To declare the 2018 - 2020 outbreak officially over will require 13 weeks from depletion of the last diagnosed case.

The END situation has not disrupted exports of raw poultry, breeding stock, hatching or table eggs or egg products to Mexico. Following negotiations after the index case of END was diagnosed in Los Angeles County during mid-May 2018, authorities in Mexico accepted regionalization and on May 23 rd restored importation of raw poultry from other than the restricted Counties in California. There is absolutely no reason to embargo pasteurized egg products derived from a USDA-FSIS inspected plant.

Avian Influenza

In the U.S. and the E.U. reassortant strains of avian influenza virus are introduced into regions beneath flyways by migratory birds and then transmitted to backyard and commercial free-range flocks or to confined flocks by deficiencies in biosecurity.

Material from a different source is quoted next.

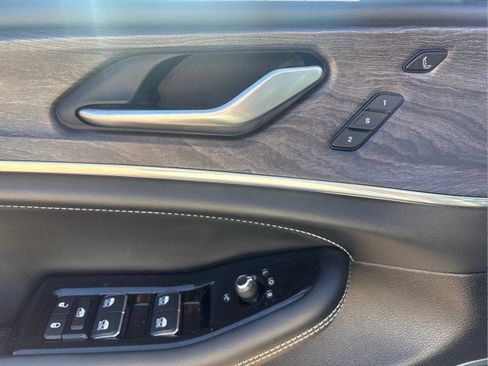 Used 2023 Jeep Grand Cherokee Overland w/ Luxury Tech Group IV image 12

Incident cases in the E.U., Asia and North Africa during 2018 should be a warning to U.S. producers during the fall and early winter of 2019 since the risk of infection necessitates enhanced biosecurity and effective containment.

There is a presumption that migratory waterfowl cease shedding AI virus by the first week of April, re-commencing in December. Accordingly, increased biosecurity is required under the Pacific, Central and Mississippi flyways. Flocks allowed outside access during periods when migratory birds are shedding virus are vulnerable to infection.